Binomial and Poisson Distribution (Applet)
Inhaltsverzeichnis
Applet Description
This applet allows the calculation and graphical display of
- the probabilities ${\rm Pr}(z=\mu)$ of a discrete random variable $z \in \{\mu \} = \{0, 1, 2, 3, \text{...} \}$, that determine its Probability Density Function (PDF) – here representation with Dirac functions ${\rm \delta}( z-\mu)$:
- $$f_{z}(z)=\sum_{\mu=1}^{M}{\rm Pr}(z=\mu)\cdot {\rm \delta}( z-\mu),$$
- the probabilities ${\rm Pr}(z \le \mu)$ of the Cumulative Distribution Function (CDF):
- $$F_{z}(\mu)={\rm Pr}(z\le\mu).$$
Discrete distributions are available in two sets of parameters:
- the Binomial distribution with the parameters $I$ and $p$ ⇒ $z \in \{0, 1, \text{...} \ , I \}$ ⇒ $M = I+1$ possible values,
- the Poisson distribution with the parameter $\lambda$ ⇒ $z \in \{0, 1, 2, 3, \text{...}\}$ ⇒ $M \to \infty$.

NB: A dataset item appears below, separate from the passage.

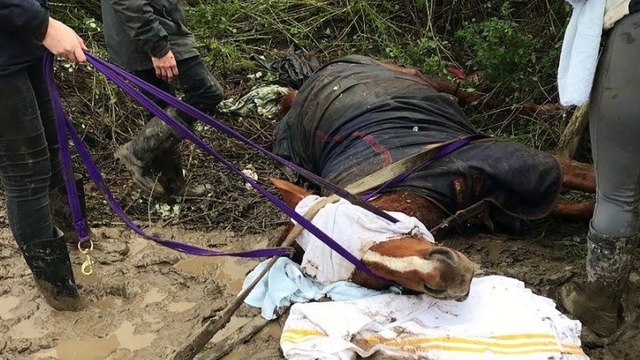 The Impact on Firework Displays have on Animals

In the exercises below you will be able to compare:
- two Binomial distributions with different sets of parameters $I$ and $p$,
- two Poisson distributions with different rates $\lambda$,
- a Binomial distribution with a Poisson distribution.
Theoretical Background
Properties of the Binomial Distribution
The Binomial distribution represents an important special case for the likelihood of occurence of a discrete random variable. For the derivation we assume, that $I$ binary and statistically independent random variables $b_i \in \{0, 1 \}$ can take
- the value $1$ with the probability ${\rm Pr}(b_i = 1) = p$, and
- the value $0$ with the probability ${\rm Pr}(b_i = 0) = 1-p$.
The sum
- $$z=\sum_{i=1}^{I}b_i$$
is also a discrete random variable with symbols from the set $\{0, 1, 2, \cdots\ , I\}$ with size $M = I + 1$ and is called "binomially distributed".

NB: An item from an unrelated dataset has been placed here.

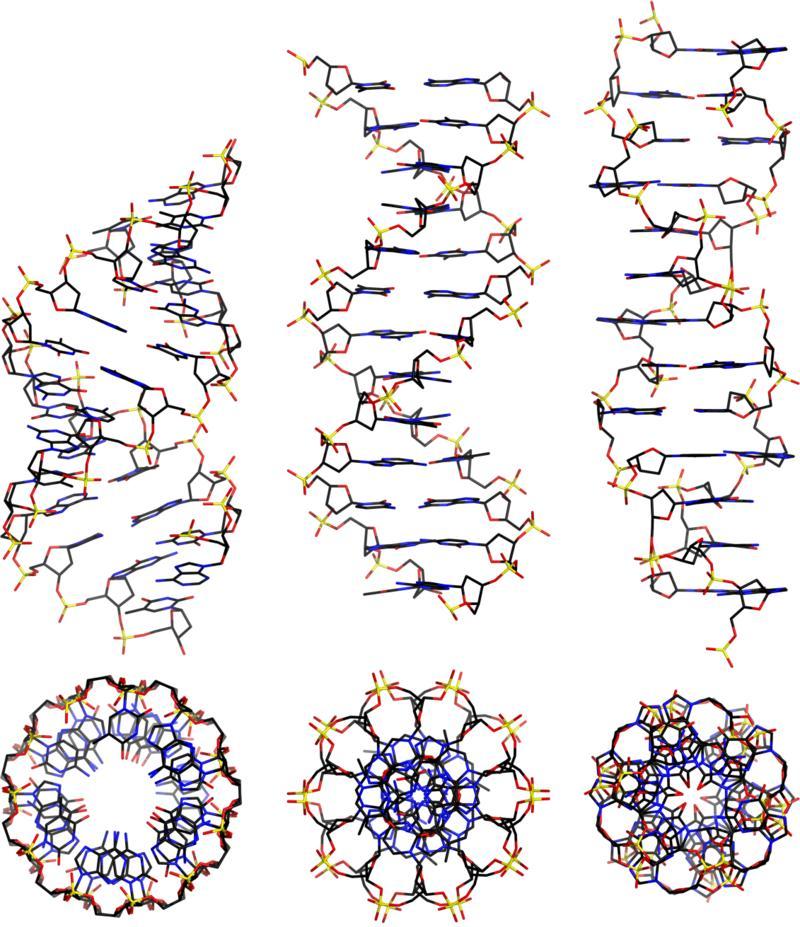 Κρυσταλλικές δομές A B και Ζ DNA https://en.wikipedia.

Probabilities of the Binomial Distribution
The probabilities to find $z = \mu$ for $μ = 0, \text{...}\ , I$ are given as
- $$p_\mu = {\rm Pr}(z=\mu)={I \choose \mu}\cdot p^\mu\cdot ({\rm 1}-p)^{I-\mu},$$
with the number of combinations $(I \text{ over }\mu)$:
- $${I \choose \mu}=\frac{I !}{\mu !\cdot (I-\mu) !}=\frac{ {I\cdot (I- 1) \cdot \ \cdots \ \cdot (I-\mu+ 1)} }{ 1\cdot 2\cdot \ \cdots \ \cdot \mu}.$$
Moments of the Binomial Distribution
Consider a binomially distributed random variable $z$ and its expected value of order $k$:
- $$m_k={\rm E}[z^k]=\sum_{\mu={\rm 0}}^{I}\mu^k\cdot{I \choose \mu}\cdot p^\mu\cdot ({\rm 1}-p)^{I-\mu}.$$
We can derive the formulas for
- the linear average: $m_1 = I\cdot p,$
- the quadratic average: $m_2 = (I^2-I)\cdot p^2+I\cdot p,$
- the variance and standard deviation: $\sigma^2 = {m_2 - m_1^2} = {I \cdot p\cdot (1-p)} \hspace{0.3cm}\Rightarrow \hspace{0.3cm} \sigma = \sqrt{I \cdot p\cdot (1-p)}.$
Applications of the Binomial Distribution
The Binomial distribution has a variety of uses in telecommunications as well as in other disciplines:
- It characterizes the distribution of rejected parts (Ausschussstücken) in statistical quality control.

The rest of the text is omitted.